This has results for MySQL 8.0.28 vs sysbench on a laptop-class CPU (AMD 4700u) to understand the impact of various compile-time optimizations including LTO and PGO. I will have results from a server-class CPU next weeok. I previously published results on this but then retracted some of them as they appeared bogus.
tl;dr
- clang and gcc have similar performance with a few exceptions
- clang does ~7% better than gcc with PGO
- clang does ~25% better than gcc with PGO+LTO
- oddly, gcc with PGO is ~3% faster than gcc with PGO+LTO
- LTO makes things ~6% faster
- PGO or PGO+LTO makes things between 1.4X and 1.8X faster
- gcc and clang without -march=native -mtune=native are ~2% faster than with those options
Builds
I compiled upstream MySQL 8.0.28 from source. The my.cnf file is here.
All work (builds & tests) are done on a server that uses Ubuntu 22.04.5. The gcc version is 11.4.0 and the clang version is 14.0.0-1ubuntu1.1.
The CMake command lines for all of the builds are here. All builds use CMAKE_BUILD_TYPE =Release.

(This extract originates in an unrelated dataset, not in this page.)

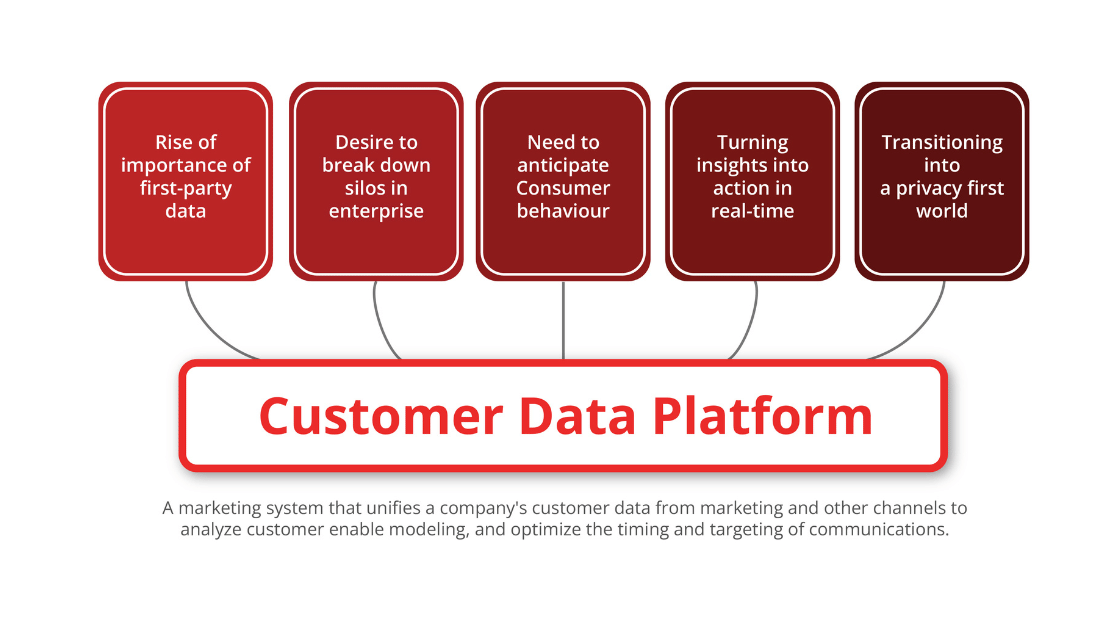 Customer Data Management (CDM): 10 Essential Ways To Stay Competitive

The builds are listed below and the name of the CMake command line file per build is cmk.80.$val where $val is the build name listed below:
- rel_o2nofp
- uses gcc, -O2 instead of -O3, adds -fno-omit-frame-pointer, works great for flamegraphs
- rel_o2nofp_clang
- uses clang, -O2 instead of -O3, adds -fno-omit-frame-pointer, works great for flamegraphs
- rel
- uses gcc, -O3, doesn't work great for flamegraphs
- rel_clang
- uses clang, -O3, doesn't work great for flamegraphs
- rel_o2nofp_lto
- like rel_o2nofp but adds -DWITH_LTO=ON to get link-time optimization
- rel_o2nofp_lto_clang
- like rel_o2nofp_clang but adds -DWITH_LTO=ON to get link-time optimization
- rel_lto
- like rel but adds -DWITH_LTO=ON to get link-time optimization
- rel_lto_clang
- like rel_clang but adds -DWITH_LTO=ON to get link-time optimization
- rel_o2nofp_native
- like rel_o2nofp but adds -march=native -mtune=native
- rel_o2nofp_native_clang
- like rel_o2nofp_clang but adds -march=native -mtune=native
- rel_native
- like rel but adds -march=native -mtune=native
- rel_native_clang
- like rel_clang but adds -march=native -mtune=native
- rel_o2nofp_native_lto
- like rel_o2nofp but adds -march=native -mtune=native and -DWITH_LTO=ON
- rel_o2nofp_native_lto_clang
- like rel_o2nofp_clang but adds -march=native -mtune=native and -DWITH_LTO=ON
- rel_native_lto
- like rel but adds -march=native -mtune=native and -DWITH_LTO=ON
- rel_native_lto_clang
- like rel_clang but adds -march=native -mtune=native and -DWITH_LTO=ON
- rel_pgo_use
- like rel but uses PGO via -fprofile-generate
- rel_pgo_use_clang
- like rel_clang but uses PGO via -fprofile-generate
- rel_lto_pgo_use
- like rel but uses PGO via -fprofile-generate and -DWITH_LTO=ON
- rel_lto_pgo_use_clang
- like rel_clang but uses PGO via -fprofile-generate and -DWITH_LTO=ON
For PGO I do the following:
- compile mysqld with -fprofile-generate
- run sysbench to generate profiles
- recompile mysqld with -fprofile-use using those profiles
- rerun sysbench to get the results that I report.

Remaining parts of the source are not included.